KODOEBA/TATOEBA FLASHCARDS APPLICATION

This is a project made for Kodoeba challenge 2020: https://blog.tatoeba.org/2020/05/kodoeba-1-participants.html

You'll need to have Python 3 installed and mysql, as well as Python Virtual Environment. Note that the database that we will create takes up more than 1.1 GB. The following instructions are best suited to Linux.

  • Download repository.
  • In the directory of the app, create a config.txt file with the following information:
[db]
user = YOUR_MYSQL_USER
password = YOUR_MYSQL_PASSWORD
  • Create mysql database. In shell, run (replacing USER with your mysql user): mysql -u USER -p < db_create.sql
  • Create the directory ~/tatoeba for downloading files, or edit line "downloadsdirectory=..." in the file tatoeba.sh.
  • Populate database with tatoeba sentences.

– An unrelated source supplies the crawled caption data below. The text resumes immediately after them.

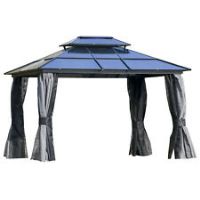Outsunny 3.6 x 3(m) Polycarbonate Hardtop Patio Gazebo Canopy w/Double-Tier Roof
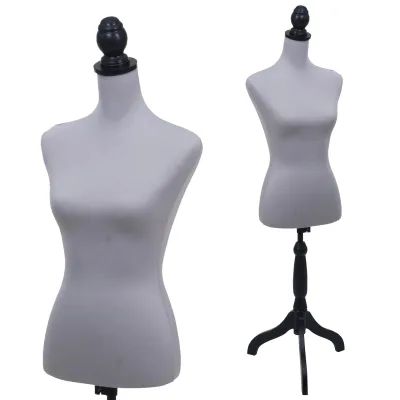 Schneiderpuppe MCW-Q24, Schaufensterpuppe Torso weiblich, Schaumstoff, abnehmbarer Bezug, MVG-zertifiziert ~ grau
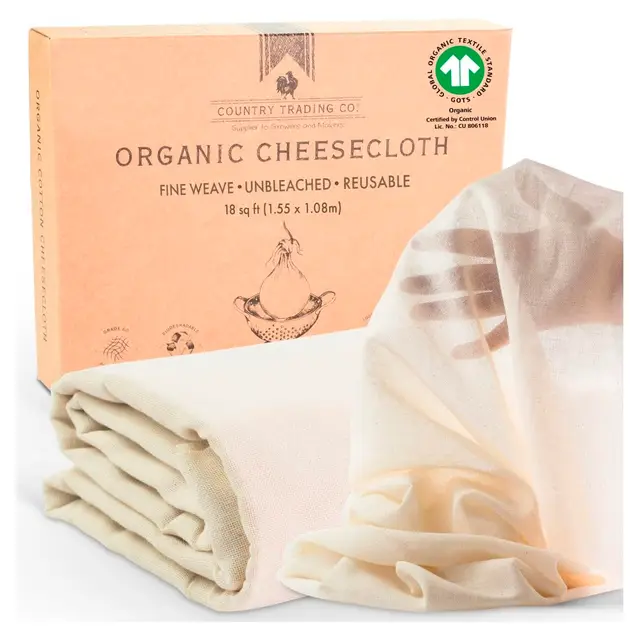 Käsetuch aus Bio-Baumwolle (GOTS-zertifiziert), ungebleicht – wiederverwendbares feines Passiertuch/Seihtuch, 1,5 x 1 m – Cheesecloth für Käse, Joghurt, Nussmilch & Saft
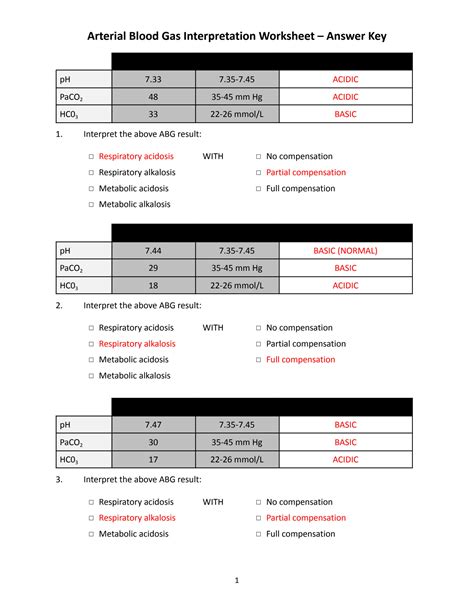 Acid Base Disorders Worksheet Step Gather The Grepmed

Executing bash file tatoeba.sh (./tatoeba.sh) will do the job in Linux (you'll be required to enter your mysql password). Otherwise, you need to follow these steps:
    • Download and uncompress sentences.csv and links.csv from tatoeba downloads page: https://downloads.tatoeba.org

    • Using tatoebakrs database, run these two instructions: LOAD DATA LOCAL INFILE 'sentences.csv' INTO TABLE sentences FIELDS TERMINATED BY '\t' LINES TERMINATED BY '\n' (id, lang, sentence);

      LOAD DATA LOCAL INFILE 'links.csv' INTO TABLE links FIELDS TERMINATED BY '\t' LINES TERMINATED BY '\n' (src_id, tgt_id); The files load process can take a few minutes.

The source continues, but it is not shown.